Cernons l’atmosphère et plantons le décor d’une société malade de ses juges et de sa justice pour commencer. Jour ordinaire au quartier Briqueterie à Yaoundé. Un présumé voleur a été battu à mort par une foule déchainée. Parlant du tout premier président du Tcs, Me Yen Eyoum qui vient d’être graciée par le président de la République révèle : « Il m'avait dit en début de procès au cours de la formalité de l'identification qui s'est déroulée dans son cabinet avec l'air de plaisanter... :

« Lydienne je sais que tu es innocente mais si je dois te condamner je le ferai sans état d'âme ». La justice l’a finalement condamnée à 25 ans de prison. Ces effroyables anecdotes font froid au dos. Justice de la rue ? Devoir d’injustice généralisé ? L’un est tué, l’autre est sauvé par le gong diplomatique après environ 6 ans de bagne. Mais qui est responsable ? Qui payera la note des ‘bavures’ des hommes ‘de’ pouvoir : Les juges de l’informel à l’affut dans la rue. Les juges ‘professionnels’ qui naviguent à la lisière du non-droit.

1-Michel T. luttait avec les anges de l’oubli

Pour la petite histoire, c’est 1997 que Michel-Thierry Atangana est arrêté à Yaoundé. Pendant 17 ans, il résiste dans une cellule au secrétariat d’Etat à la Défense. Sa mère meurt de dépit pendant sa détention. Il ne la reverra jamais vivante. Peu de temps après, sa sœur, qui lui rendait visite régulièrement, meurt à son tour. C'est finalement la mobilisation d'Ong comme Amnesty international, Freedom House ou la Fondation Kennedy, le soutien du département d'Etat américain et l'intervention de l'Onu qui ont rendu possible la libération de Mta. La vie de cet homme a été brisée, piétinés les droits d’un détenu qualifié par l’Onu de «prisonnier politique».

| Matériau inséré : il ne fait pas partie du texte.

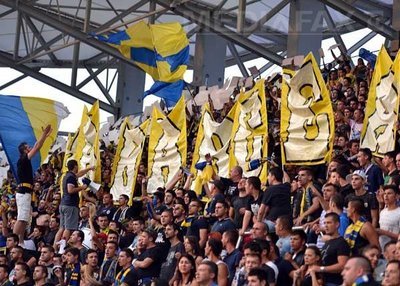Fanii Petrolului organizează un miting de susținere a lui Hamza. Conducerea Petrolului: "E inacceptabil ca în România anului 2013 să funcționeze «legea pumnului»"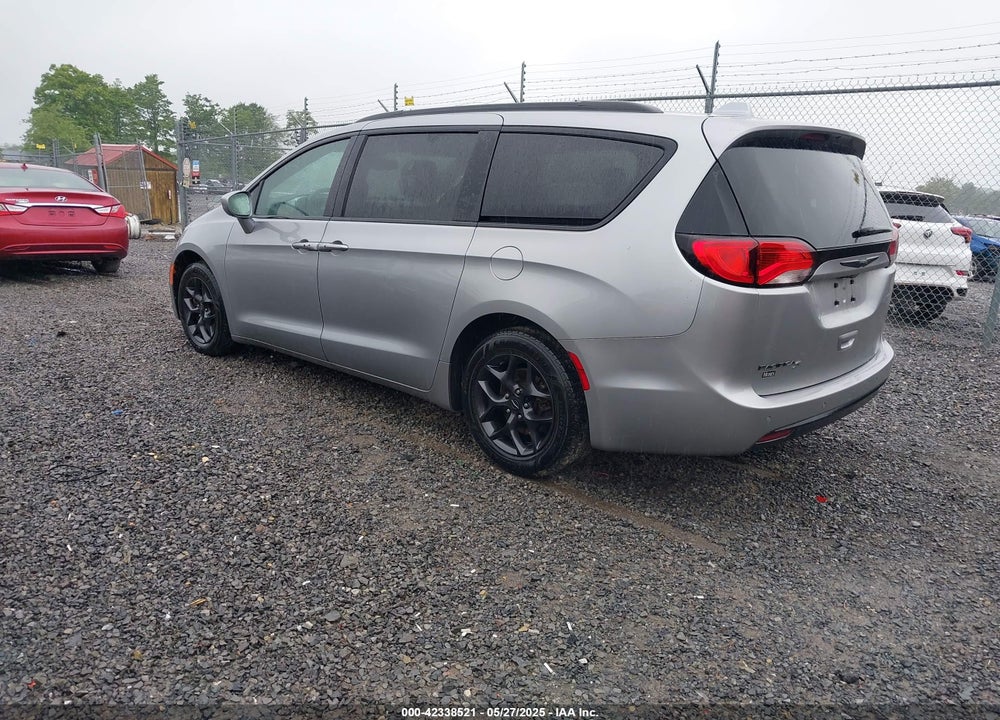 2018 CHRYSLER PACIFICA TOURING L VIN: 2C4RC1BG6JR172250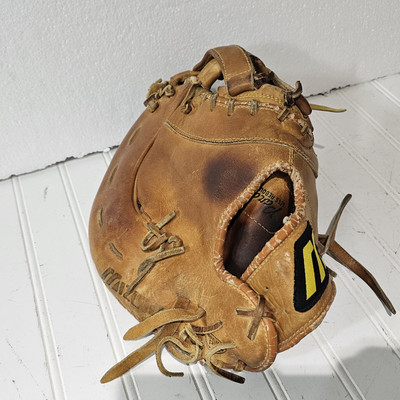 Adult Size (WORN IN) Mizuno MZ F25i Max Flex Steerhide Glove
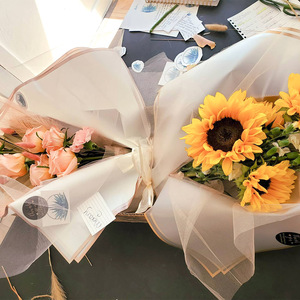 Suministros de <span class=keywords><strong>floristería</strong></span> reciclable, flores envueltas con borde dorado, impermeable, papel floral de doble color, embalaje de flores para envolver - Product Image 1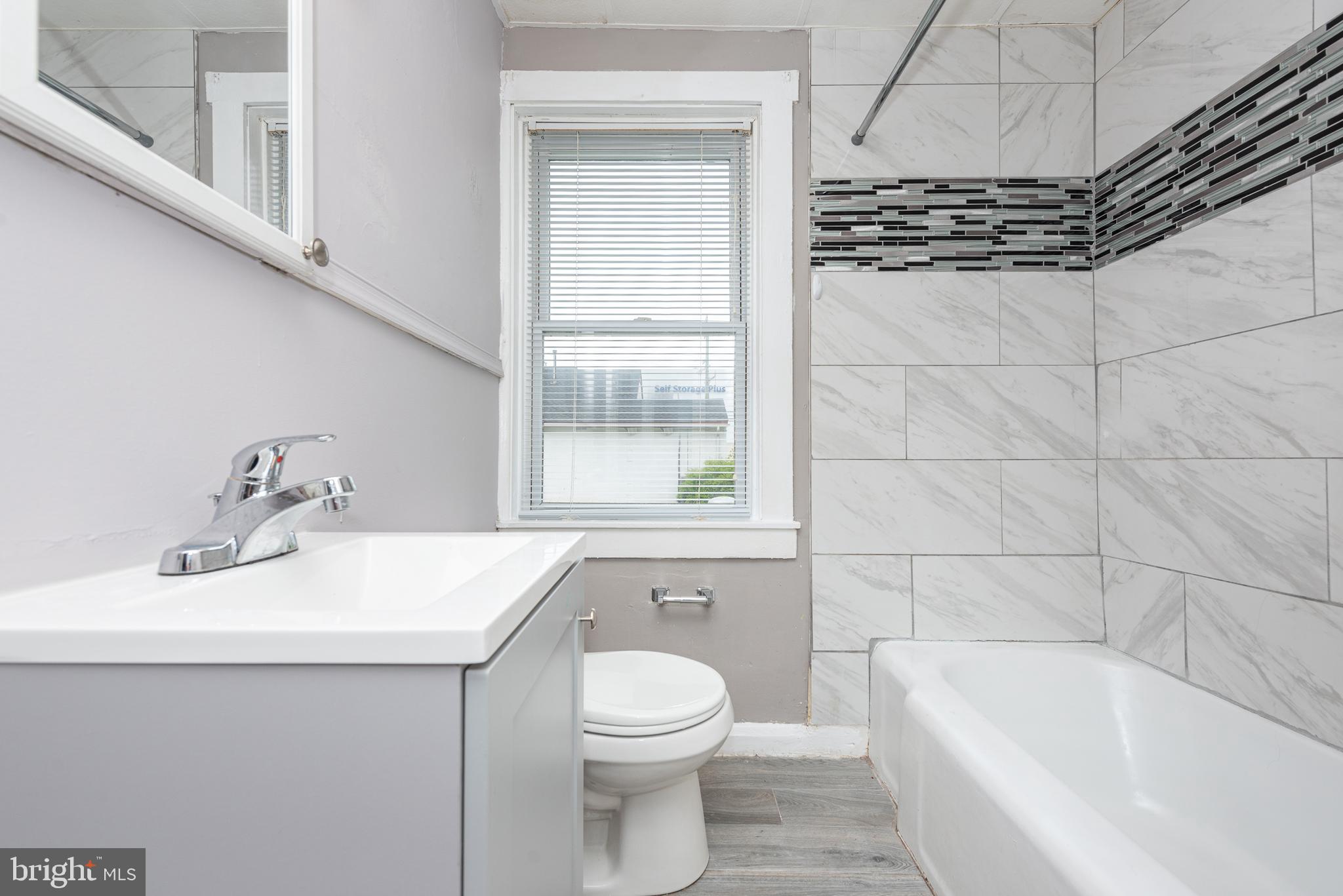 MIDDLE RIVER - Residential Lease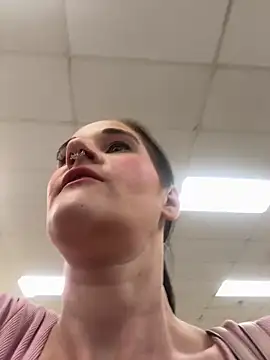 Snapshot of lolabunny9 chatting on February 2025 05:48:02 PM lolabunny9 online show from February 2025 05:48:02 PM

Pour sa libération en 2014, il a fallu l’intervention de l'Onu, par un avis de son Groupe de travail sur la détention arbitraire, publié le 4 avril 2014, soit moins deux mois après le décret du chef de l’Etat, et quelques temps après avoir été condamné une nouvelle fois à 20 ans de prison. Pour mémoire, dans cette affaire, l'Onu exigeait trois choses du Cameroun : la libération de Michel-Thierry Atangana, qui intervient après un décret présidentiel; des sanctions contre les responsables de son emprisonnement ; une indemnisation. A ce jour, seule la libération est intervenue. Il avait 33 ans. A sa sortie il en avait 47.

Parcours

juillet 1994 Michel Thierry Atangana est nommé à la tête du Comité de pilotage et de suivi des axes routiers. Il devait encadrer la construction des infrastructures de transport dont le Cameroun avait besoin et a cruellement toujours besoin à ce jour. Juillet 1997, Michel-Thierry Atangana est condamné à 15 ans d’emprisonnement. Novembre 2013 Publication de l’avis N°38/2013 du Groupe de Travail sur la Détention arbitraire de l’Onu déclarant officiellement le caractère arbitraire de la détention de Michel-Thierry Atangana et demandant : Libération, Sanctions et Indemnisations. Le statut de «prisonnier politique» lui est reconnu par le département d’Etat américain. Le statut de «prisonnier d’opinion» lui est reconnu par Amnesty International.

2-Paul-Eric, le rescapé des bananeraies

La Cour suprême du Cameroun a décidé de l’acquittement de Paul Eric Kinguè en juillet 2015. Sur la base de nombreux vices ayant entaché la procédure judiciaire à son encontre. L’ancien maire de Njombé-Penja était accusé de complicité de pillage en bande et de détournement de deniers publics. Paul Eric Kinguè a été arrêté en mars 2008 quelques jours après les émeutes de février 2008. Fin octobre 2014, le groupe de travail sur la détention arbitraire de l’Onu a recommandé au Cameroun de libérer Paul Eric Kinguè et de le dédommager pour détention arbitraire…Hommage du vice à la vertu ?

Au cours de l’audience de ce 21 mai 2015, le rapporteur de la Cour suprême, a indiqué que de nombreux vices ont entaché la procédure judiciaire contre l’ex-maire de Njombe Penja. Sur l'audience des émeutes de février 2008, il a été décidé ce qui suit: la Cour suprême casse et annule la décision rendue par le tribunal de Grande Instance du Moungo. Elle annule également les actes du juge d'instruction du même tribunal pour violation de la loi. Casse et annule l'arrêt de la cour d'appel du littoral et enfin, lève tous les mandats de détention provisoire et d’incarcération décernés contre Paul Eric Kinguè.